Crawled caption data:
+-------+
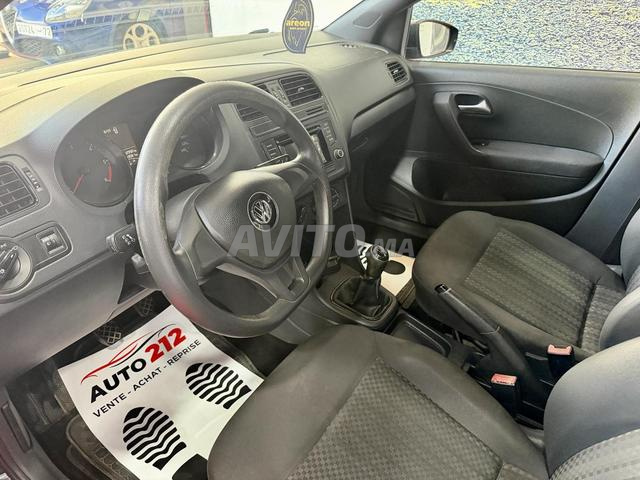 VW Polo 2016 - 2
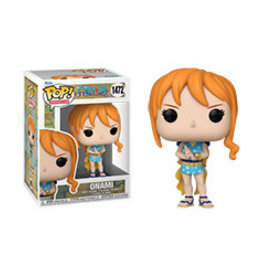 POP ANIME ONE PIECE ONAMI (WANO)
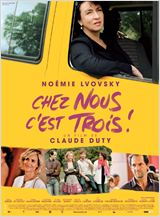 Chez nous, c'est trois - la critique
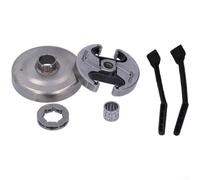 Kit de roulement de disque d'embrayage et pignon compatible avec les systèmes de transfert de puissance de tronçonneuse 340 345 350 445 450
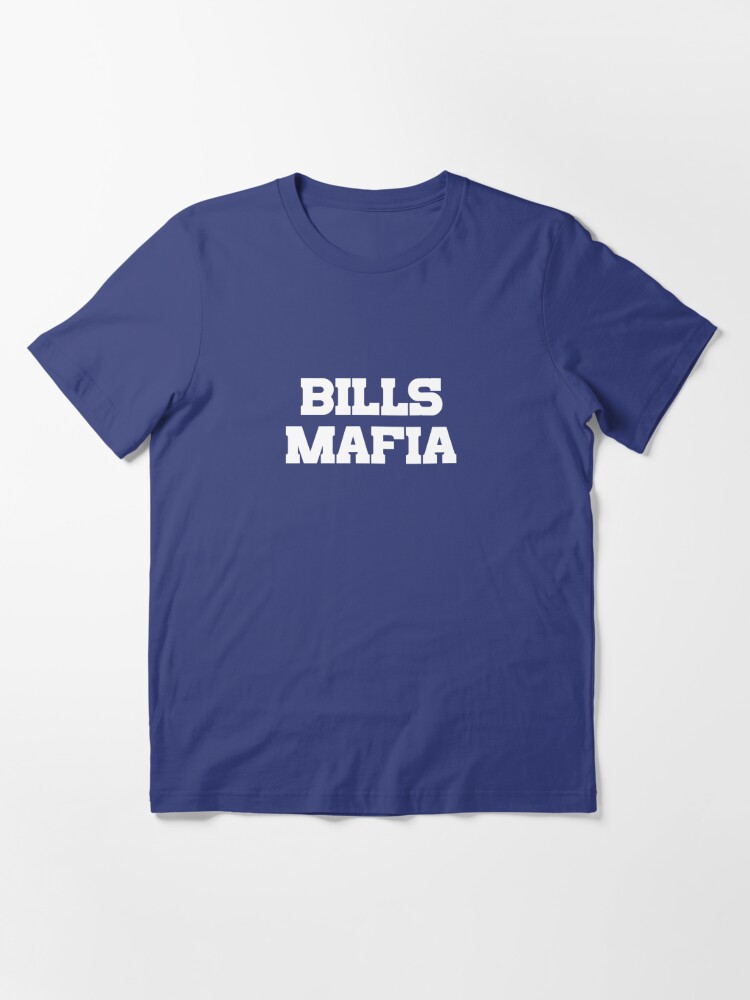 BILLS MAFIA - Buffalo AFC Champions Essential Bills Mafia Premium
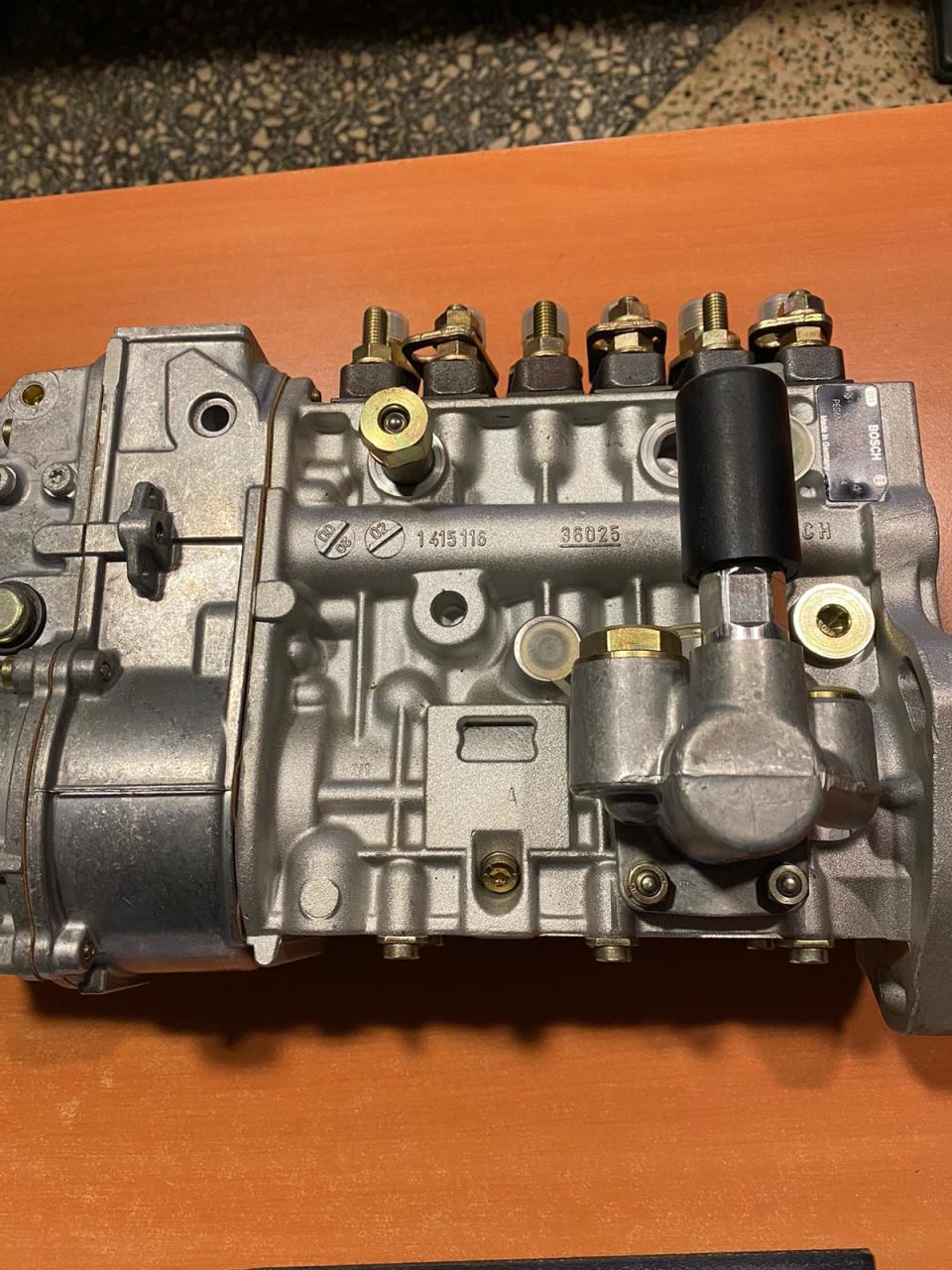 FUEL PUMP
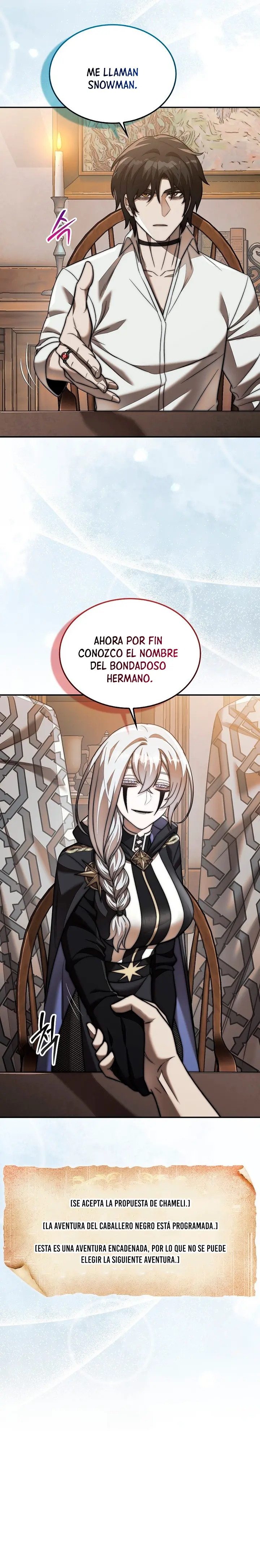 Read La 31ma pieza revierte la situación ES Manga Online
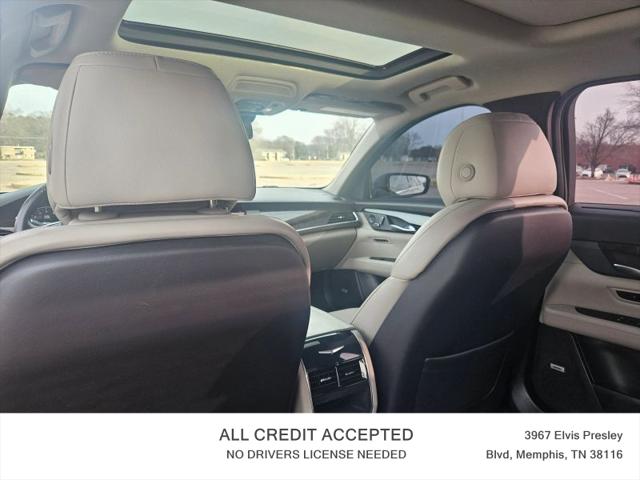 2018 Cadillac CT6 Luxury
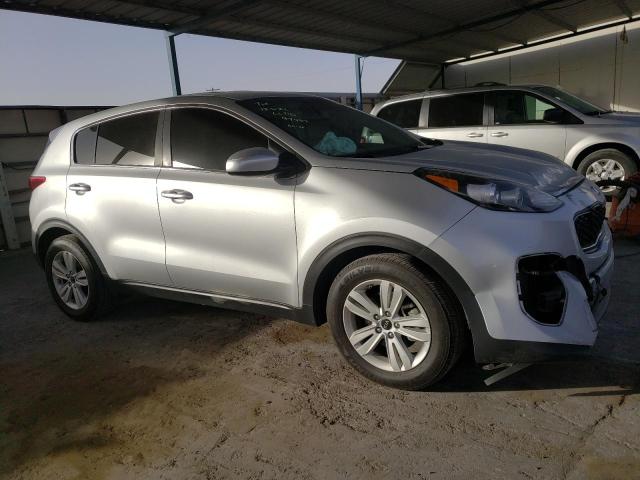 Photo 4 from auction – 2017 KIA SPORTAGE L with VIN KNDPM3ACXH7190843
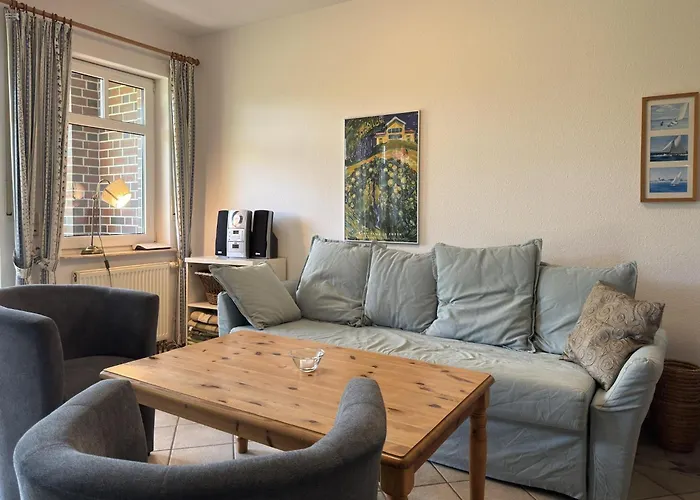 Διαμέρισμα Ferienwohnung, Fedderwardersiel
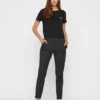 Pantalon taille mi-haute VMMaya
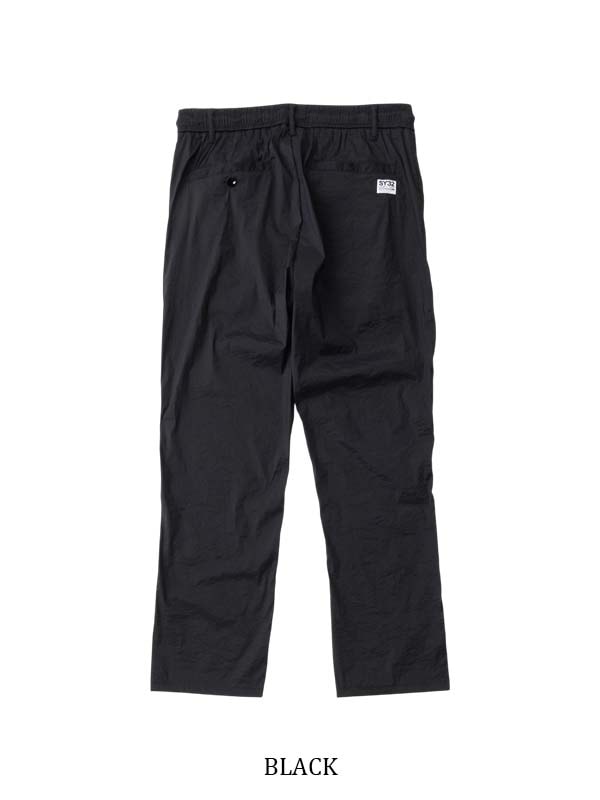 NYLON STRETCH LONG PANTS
+-------+
WORK TO COMPLETE:
An acceptable answer holds exactly the lines from the one with "Pantalon taille mi-haute VMMaya" through the end of the entries above, both ends kept, and no pictures at all.

REPLY TO THE EXERCISE:
 Pantalon taille mi-haute VMMaya
 NYLON STRETCH LONG PANTS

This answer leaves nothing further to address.